On 6 July 1964, aged 17, Frank joined the Australian Regular Army for a six-year period. He was posted to the 1st Recruit Training Battalion at Kapooka for training.
On 15 July, Topp embarked from Sydney for the 1st Australian Reinforcement Unit at Nui Dat outside Saigon in South Vietnam. On 17 August, he joined 5 Section, 11 Platoon, D Company.
Earlier that morning, Nui Dat had been bombarded by the Viet Cong, with over 100 rounds fired from mortars, recoilless rifles and a Japanese field gun landing inside the base’s perimeter. 24 Australians were wounded.
It was Topp’s first experience of enemy fire.
B Company 6RAR left Nui Dat to find the Viet Cong mortar baseplate positions. They spent the night outside the wire, then patrolled to the edge of the Long Tan rubber plantation.
D Company, led by Major Harry Smith, left Nui Dat at 11am that morning to relieve B Company.
Lance Corporal John Robbins, 5 Section’s commander, checked with Topp that he was alright during his first time outside the wire. Topp also met a mate from Kapooka, Private David Thomas, now in B Company, 6RAR.
Shortly after 3pm, 11 Platoon encountered Vietnamese troops in the Long Tan rubber plantation. After a brief firefight, the enemy withdrew and the Australians followed. At 4pm, 11 Platoon met heavy opposition with immediate casualties.
After the initial burst of fire, Topp’s 5 Section was ordered to form an L-shaped defensive position. As they moved to comply, the men came under fire. Several were hit, including Topp, who was shot and killed instantly.
He was 19 years old. Topp had been in Vietnam for a month and with his battalion for just 24 hours.
In this, the battle of Long Tan, 108 soldiers of D Company, 6RAR, fought an intense and dramatic battle against Viet Cong and North Vietnamese Army forces. 11 Platoon was engaged on three sides, in danger of being cut off and wiped out entirely. Monsoonal rain deluged the area, reducing visibility to 50 metres and turned the ground into slick, red mud.
In the hours that followed, a numerically-superior Vietnamese force attempted to overrun D Company.

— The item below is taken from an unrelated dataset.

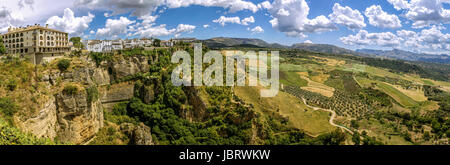 Ronda vista panoramica. Una città nella provincia spagnola di Malaga, all'interno della comunità autonoma di Andalusia. È situato in una zona molto montagnosa circa 750 m al di sopra del livello medio del mare. Il fiume Guadalevín corre attraverso la città, dividendola in due e ritagliandosi la ripida, oltre 100 metri di profondità El Tajo canyon su cui la città pertiche Foto Stock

D company hung on tenaciously.
At 7pm, 3 Troop, 1 Armoured Personnel Carrier Squadron arrived with A Company, 6RAR on board. They attacked quickly, stopping the enemy attack from going ahead. As night fell, the enemy withdrew.
D Company returned to the battle site the next morning, to recover their comrades and the dead. They also recovered three wounded Vietnamese soldiers and buried over 245 enemy dead.
Topp’s remains were returned to Australia and he was laid to rest in Helidon Catholic Cemetery, Queensland.